Review: Opera Mini
If you’re constantly on a poor Internet connection, your signal is terrible or you’ve got a data plan that’s very small, Opera Mini could be your lifesaver.
Opera Mini is one of the oldest extant mobile phone browsers. It’s been on Nokia’s Symbian handsets since the time of the N95 and was the only way to get a web page to function properly on Windows Mobile (thankfully Microsoft have learnt their lesson with Windows Phone 7). Since then, it’s found new life on platforms such as iOS and Android.
Opera Mini might look like any other browser when you’re zipping around the web, but don’t be fooled, it has a secret weapon: data compression.

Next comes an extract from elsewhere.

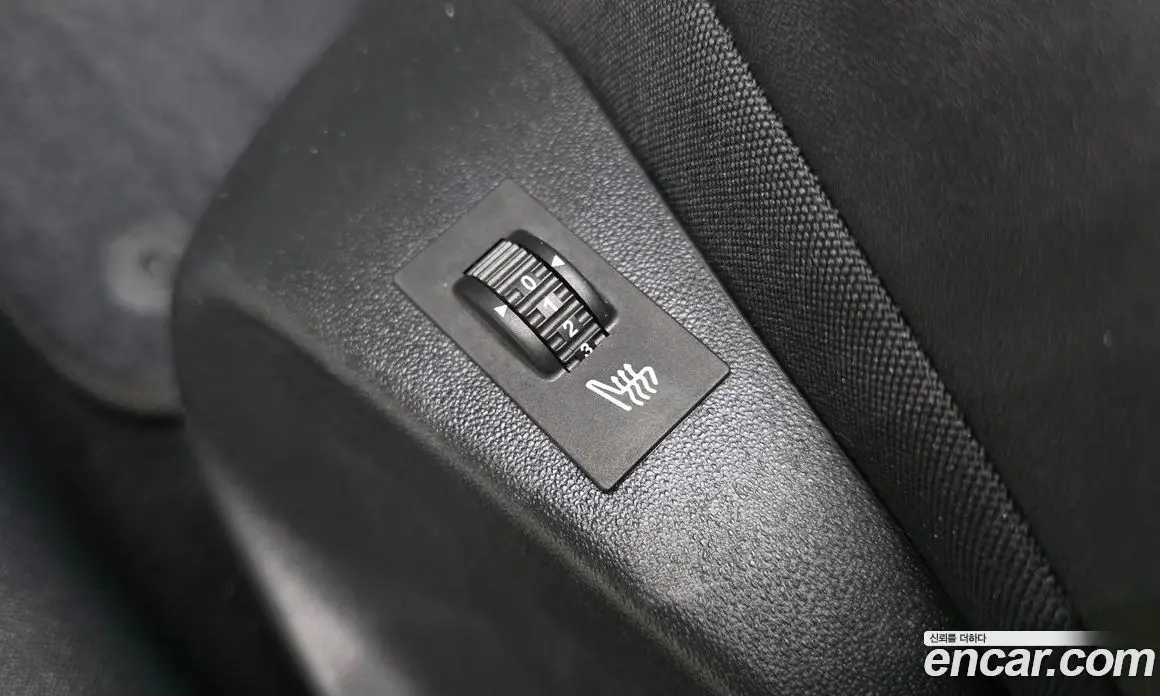 Peugeot 2008 2017 1.6 автомат (гидро), фото 17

Where most browsers will handle websites by sending hundreds of individual requests from your phone back and forth to a web server to get all of its content, using up valuable battery cycles as it goes, Opera Mini uses vast data centres to handle those requests and pushes the content to your phone. That’s better for your battery life – fewer requests means less processing power is needed – and it’s good for data consumption. In fact, Opera Mini’s method of sending data to your device is so efficient, it can cut up to 80 per cent of the data use when opening standard web pages.
There are downsides to using Opera however: while its data compression means you get full web pages for a slither of the data usage and can load pages even on poor connections, Opera Mini’s compression engine does slow down the time between pressing “Go” to open your site and the rendering of the page. Page loading can take quite a bit longer to complete than using the built-in browsers with the iPhone, iPad and Android devices. Some quirks to the way pages are displayed and handled can also mean interacting with forms and password fields can be a little cumbersome. The iOS version cannot be used as your primary browser, as it can on Android devices, due to the limitations of iOS, so it can be a case of juggling between windows. These aren’t major issues, but for those with short attention spans, it could ruffle your metaphorical feathers.
A few extra nice features have been thrown in to the browser too. Opera have included Opera Link, a synchronisation service that keeps all your bookmarks in sync with your PC or Mac. You can also adjust whether you want to be served full web pages or mobile versions of sites, something iOS’s Safari doesn’t allow to be configured.
The iOS version of Opera Mini is universal, running in native size on both iPhone and iPad, and the Android version is equally usable on both phones and tablets. It’s not perfect, but it’s free and it might just get you through a rough patch.